═══ EXCERPTED DATA

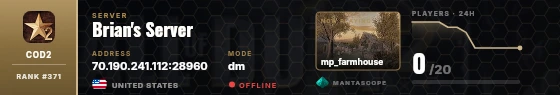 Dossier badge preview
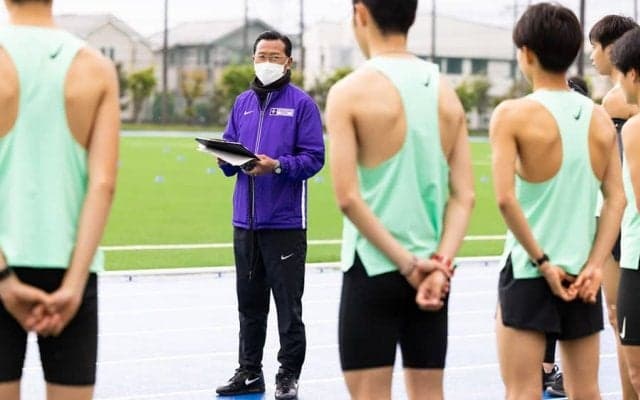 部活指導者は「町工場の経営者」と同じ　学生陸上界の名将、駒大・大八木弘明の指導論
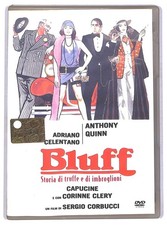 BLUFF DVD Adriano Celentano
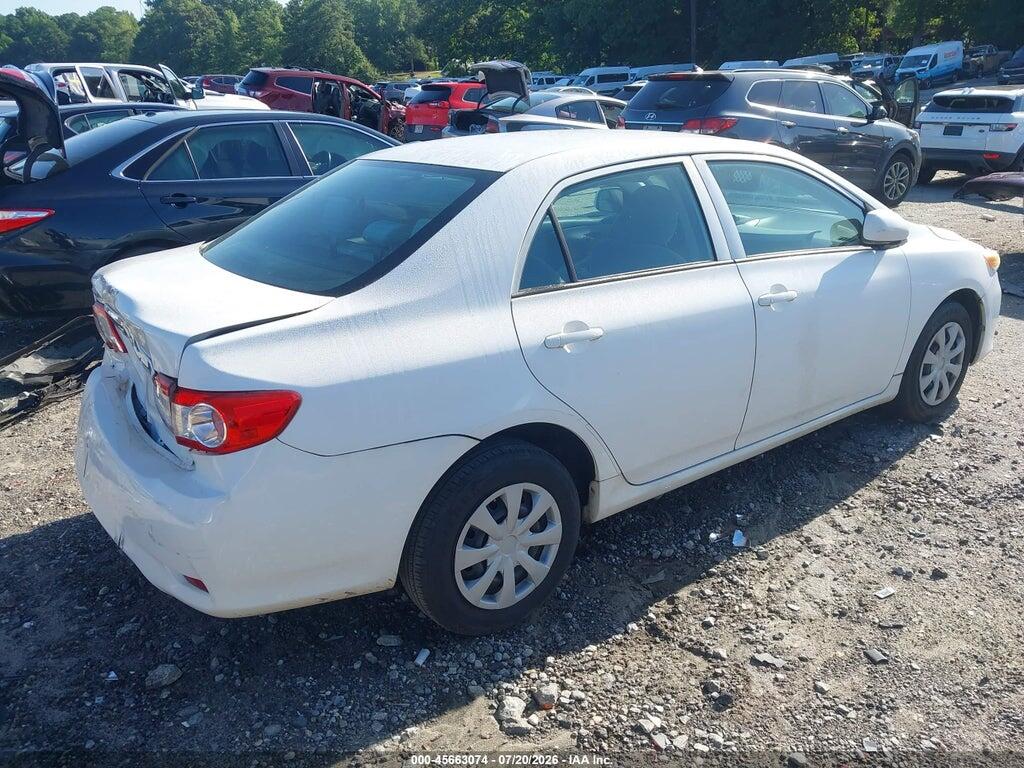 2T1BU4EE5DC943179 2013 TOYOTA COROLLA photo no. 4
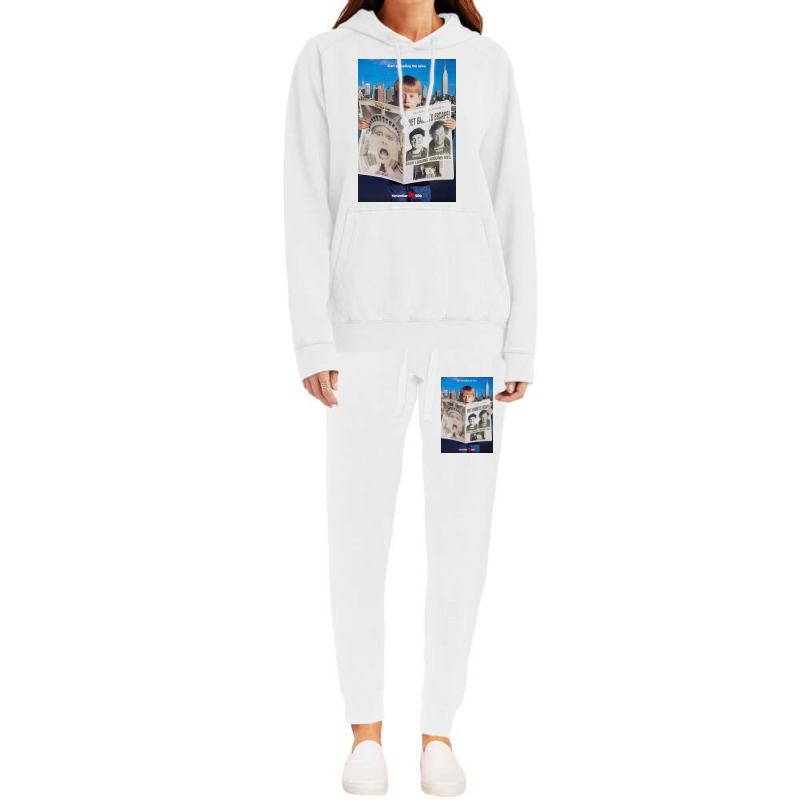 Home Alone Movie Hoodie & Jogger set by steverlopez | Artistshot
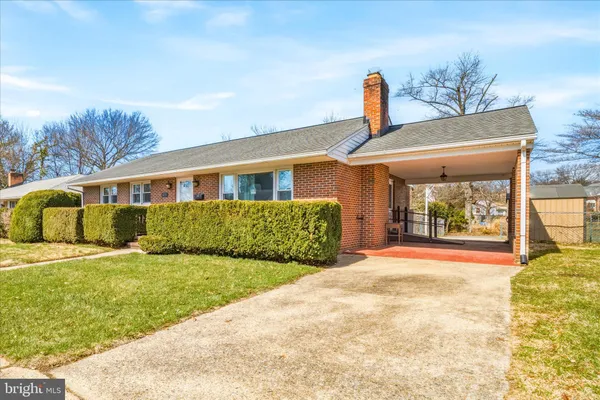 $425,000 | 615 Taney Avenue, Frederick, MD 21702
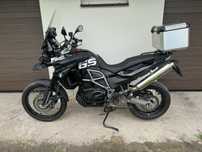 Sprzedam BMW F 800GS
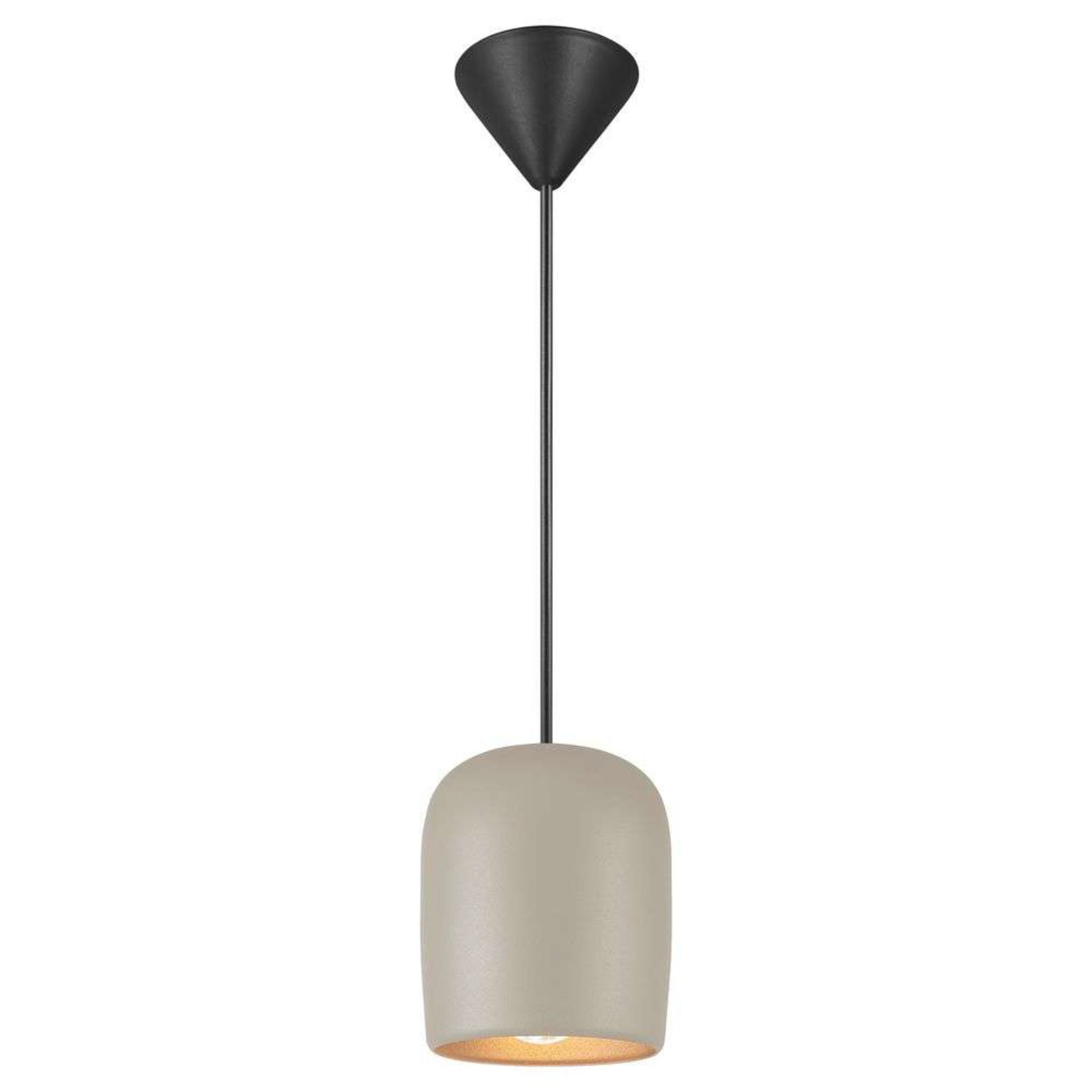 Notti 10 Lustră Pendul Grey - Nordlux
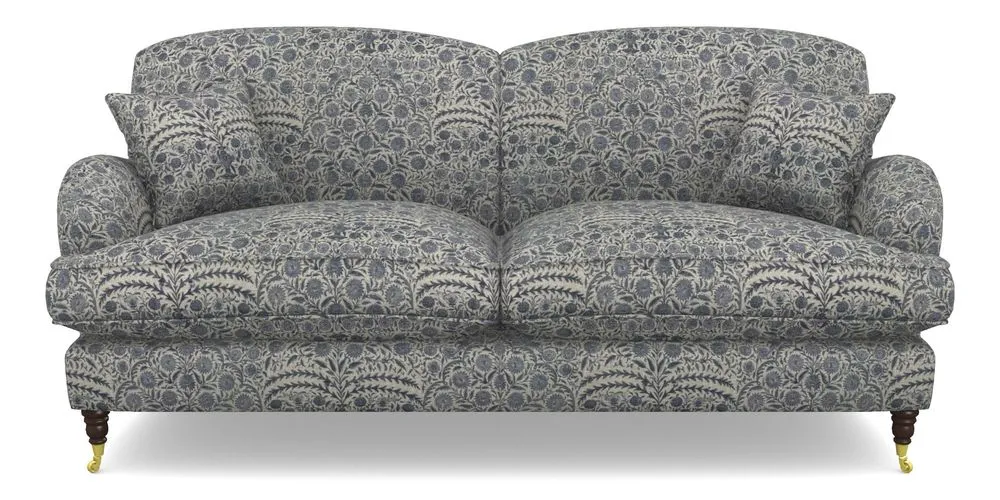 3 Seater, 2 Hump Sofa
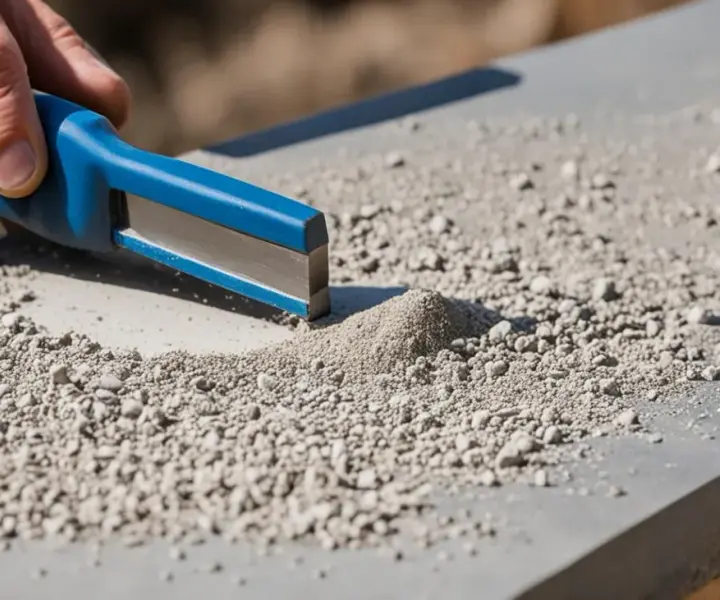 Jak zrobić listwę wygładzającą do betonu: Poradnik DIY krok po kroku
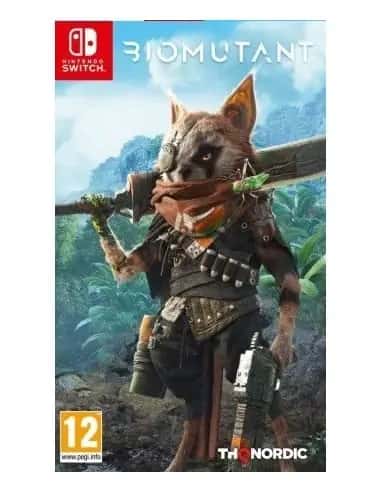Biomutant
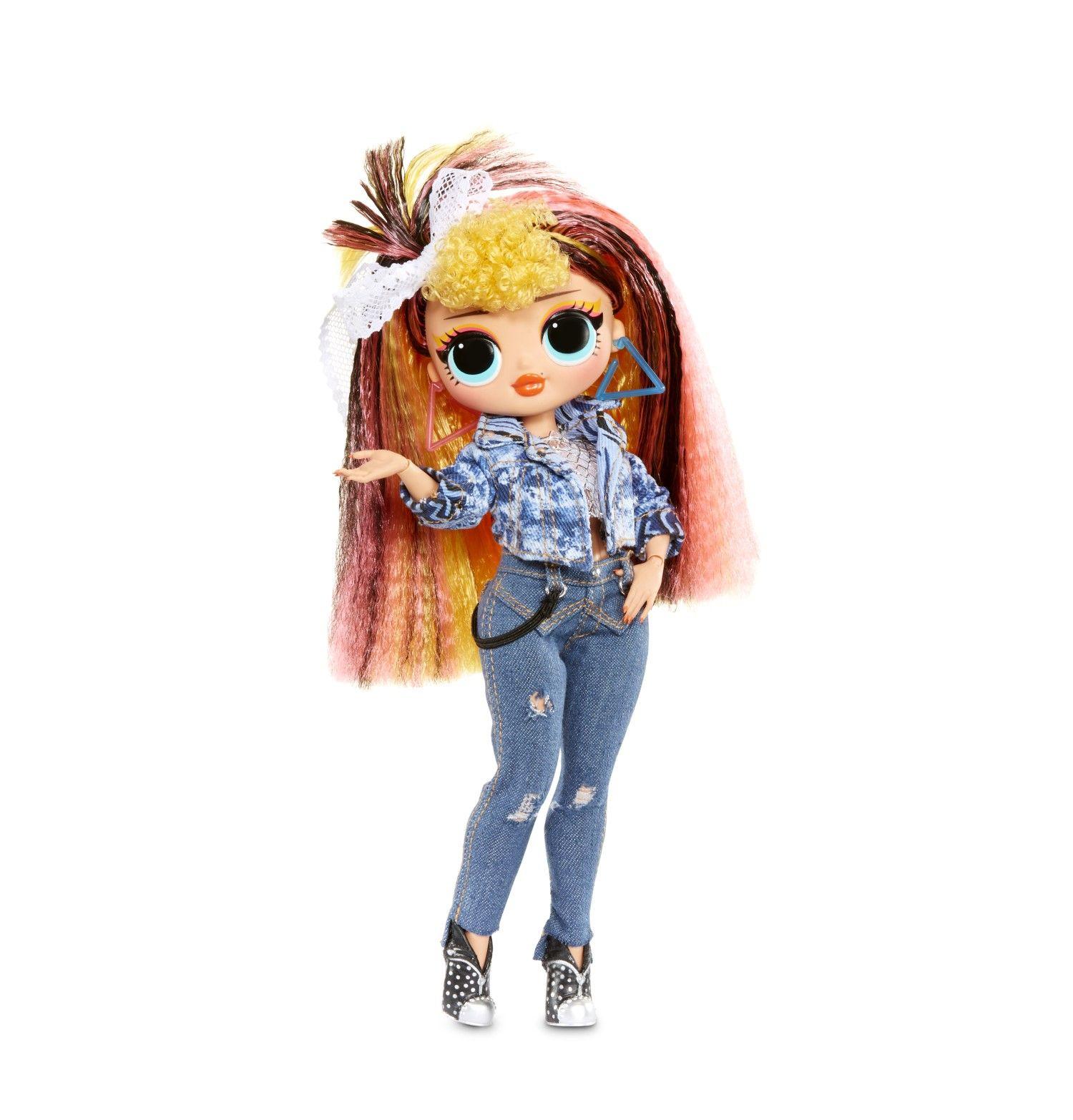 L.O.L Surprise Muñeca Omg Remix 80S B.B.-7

══════

** YOUR ASSIGNMENT **
Set down the material exactly as given, but print none of the pictures.

** WRITTEN SOLUTION **
 Dossier badge preview
 部活指導者は「町工場の経営者」と同じ　学生陸上界の名将、駒大・大八木弘明の指導論
 BLUFF DVD Adriano Celentano
 2T1BU4EE5DC943179 2013 TOYOTA COROLLA photo no. 4
 Home Alone Movie Hoodie & Jogger set by steverlopez | Artistshot
 $425,000 | 615 Taney Avenue, Frederick, MD 21702
 Sprzedam BMW F 800GS
 Notti 10 Lustră Pendul Grey - Nordlux
 3 Seater, 2 Hump Sofa
 Jak zrobić listwę wygładzającą do betonu: Poradnik DIY krok po kroku
Biomutant
 L.O.L Surprise Muñeca Omg Remix 80S B.B.-7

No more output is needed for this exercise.